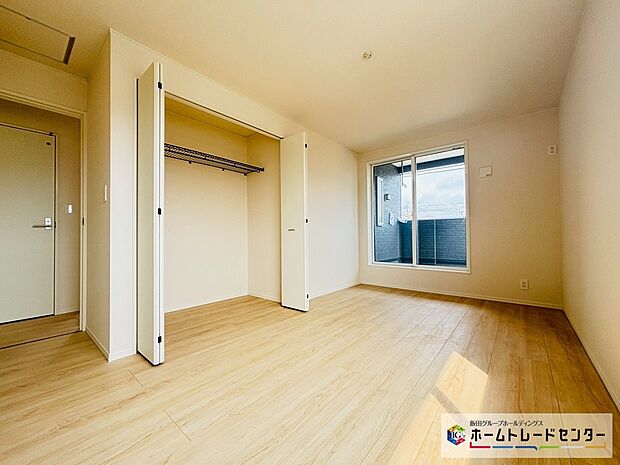 【☆BedRoom☆】~2階洋室~
バルコニー直結の洋室です。
南向きなのでお日様の光をたっぷり取り込んで目覚めのいい朝を迎えられます♪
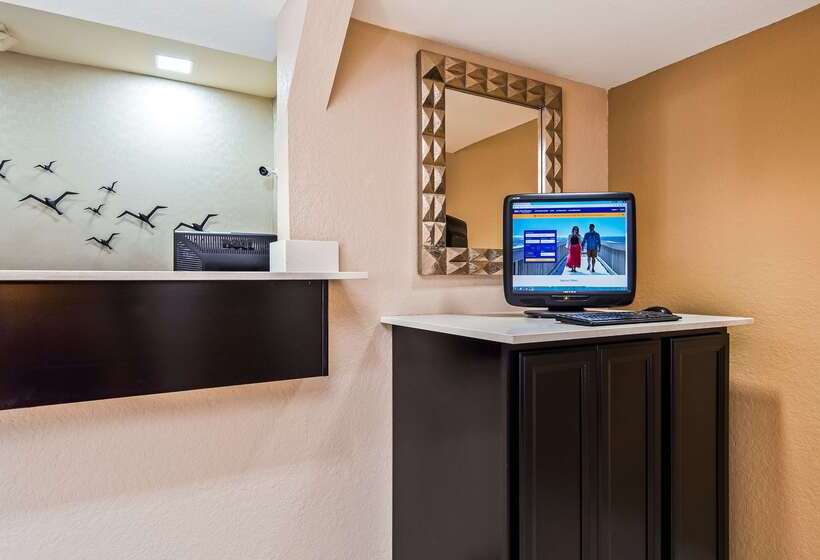 فندق Best Western Edgewater Inn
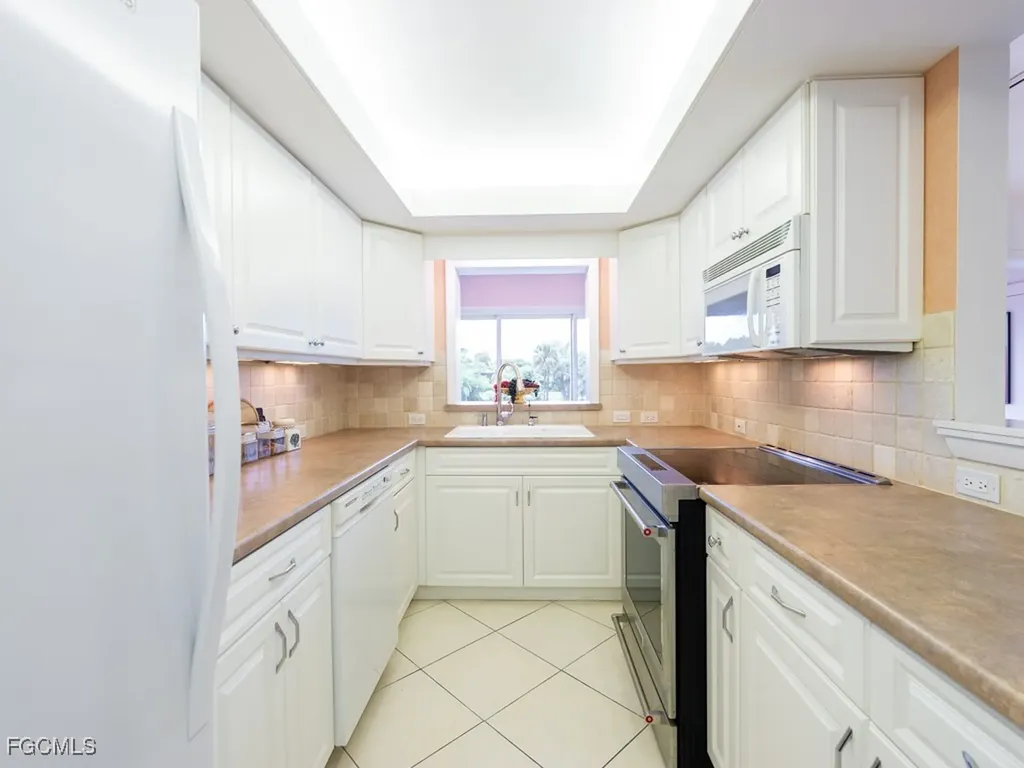 1610 Middle Gulf Drive Sanibel FL 33957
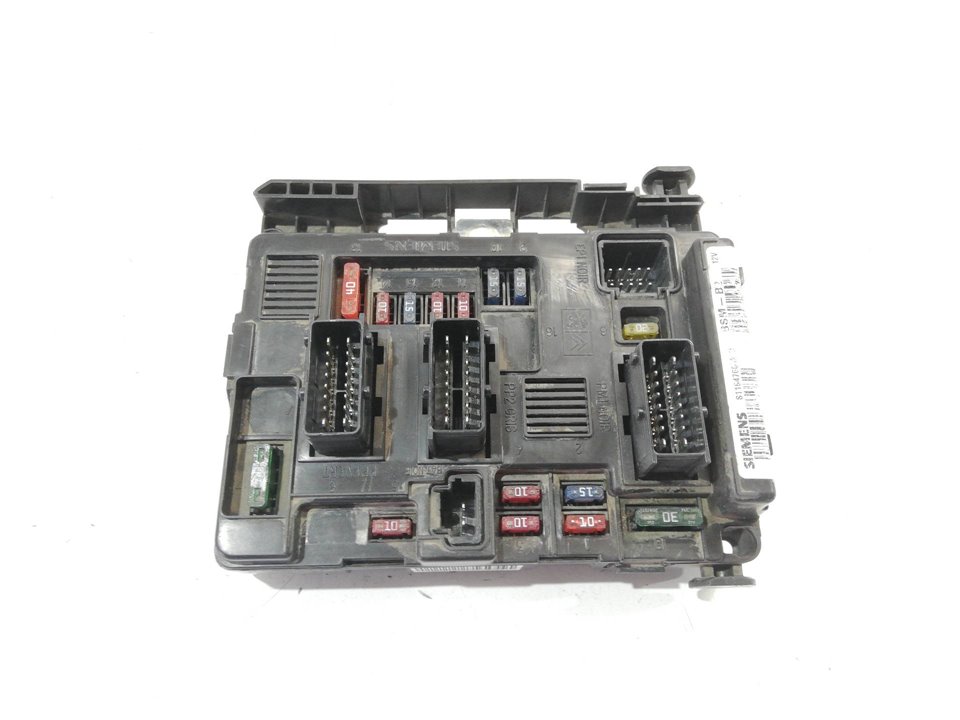 PEUGEOT Fuse Box 9643498980 25921476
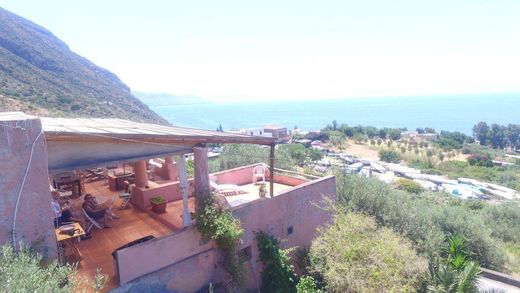 Villa in Leni, Messina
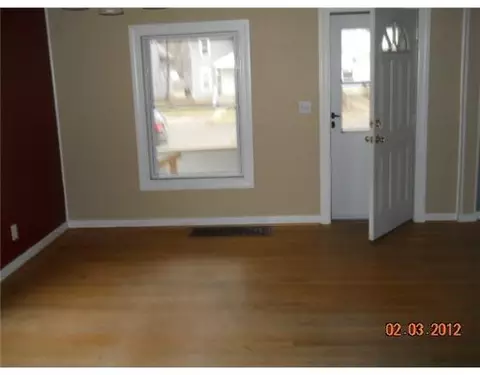 633 E Comstock, Owosso, MI 48867 photo 3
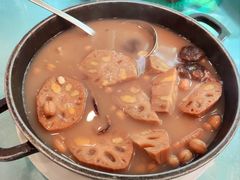 章鱼煲淋酿莲藕-六婶西关小厨(光塔路店)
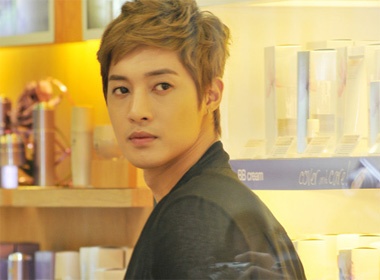 Fan ho reo, Kim Hyun Joong hua tro lai VN hinh anh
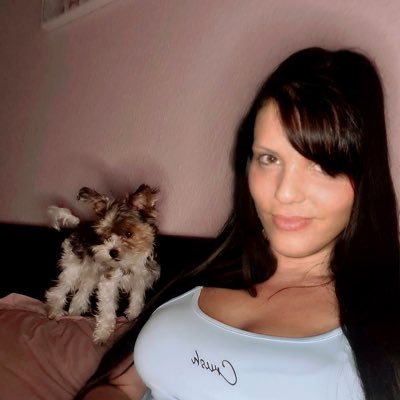 Angela73087274's profile picture. 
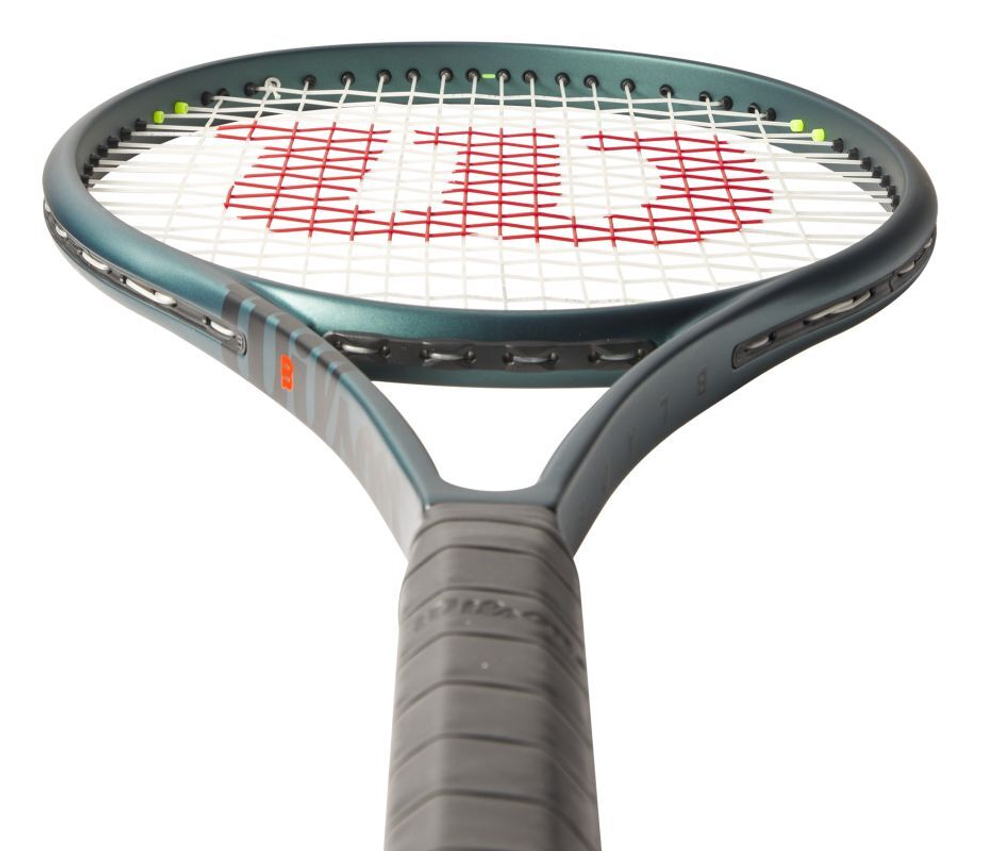 Теннисная ракетка Wilson Blade 100UL V9.0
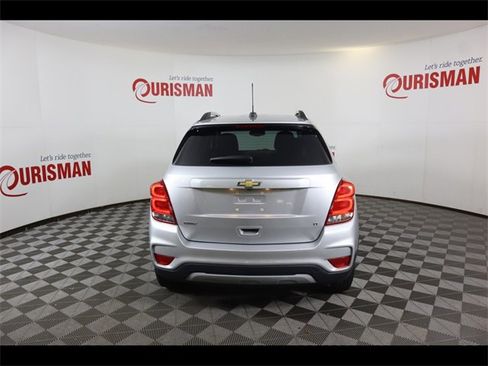 Used 2020 Chevrolet Trax LT w/ LT Convenience Package image 9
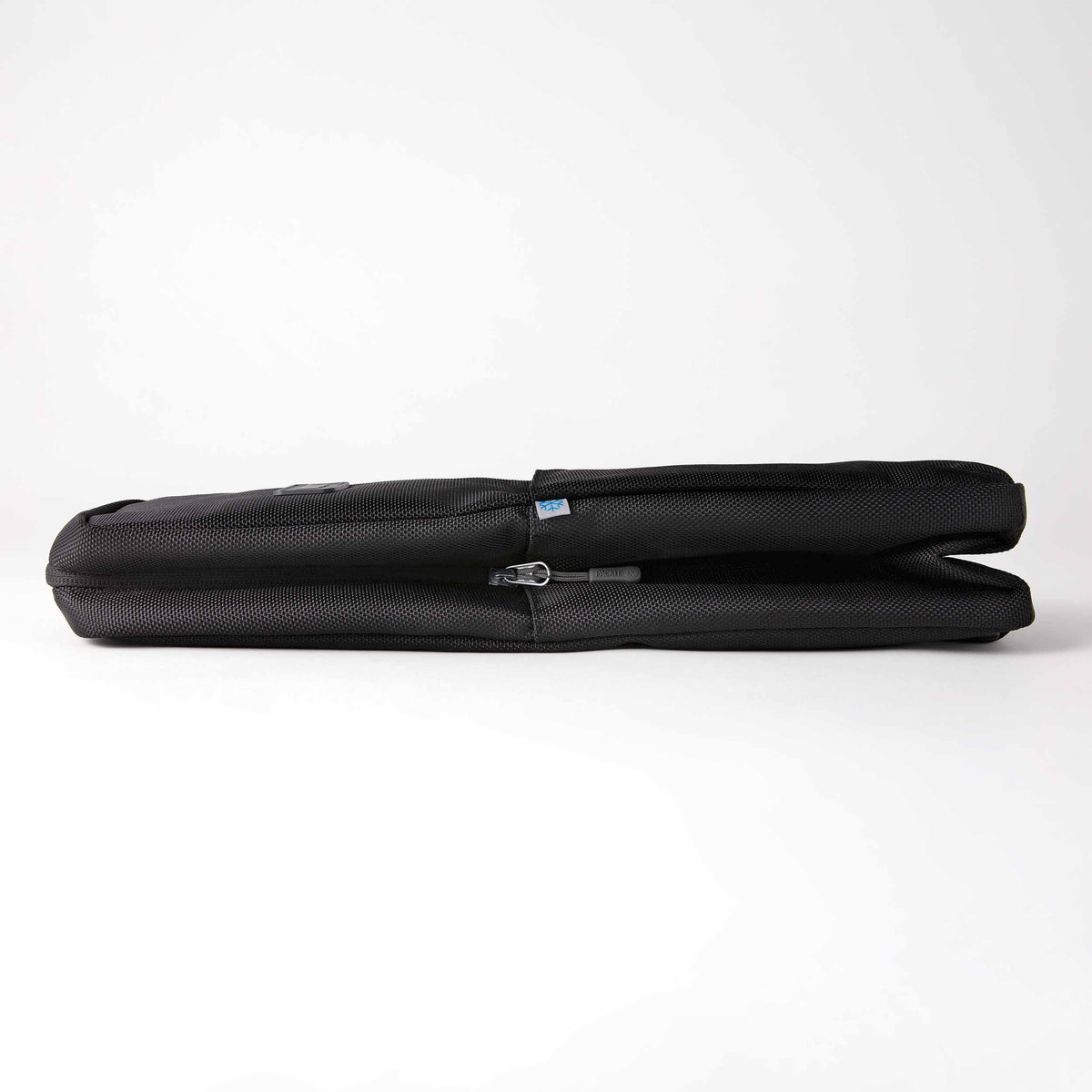 freezable-wine-carrier-y5 freezable-wine-carrier-black-ecofreeze-plus-flat.jpg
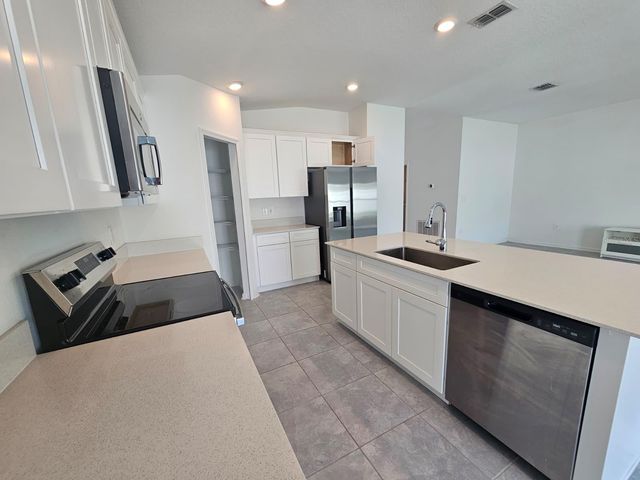1324 TUPELO TRAIL, Haines City, FL 33844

__EXERCISE DETAILS__: From the line containing "バルコニー直結の洋室です。" down to the final line of the records above, restate every line word for word, add nothing, and skip the pictures.

__SOLUTION FOR THIS PROBLEM__:
バルコニー直結の洋室です。
南向きなのでお日様の光をたっぷり取り込んで目覚めのいい朝を迎えられます♪
 فندق Best Western Edgewater Inn
 1610 Middle Gulf Drive Sanibel FL 33957
 PEUGEOT Fuse Box 9643498980 25921476
 Villa in Leni, Messina
 633 E Comstock, Owosso, MI 48867 photo 3
 章鱼煲淋酿莲藕-六婶西关小厨(光塔路店)
 Fan ho reo, Kim Hyun Joong hua tro lai VN hinh anh
 Angela73087274's profile picture. 
 Теннисная ракетка Wilson Blade 100UL V9.0
 Used 2020 Chevrolet Trax LT w/ LT Convenience Package image 9
 freezable-wine-carrier-y5 freezable-wine-carrier-black-ecofreeze-plus-flat.jpg
1324 TUPELO TRAIL, Haines City, FL 33844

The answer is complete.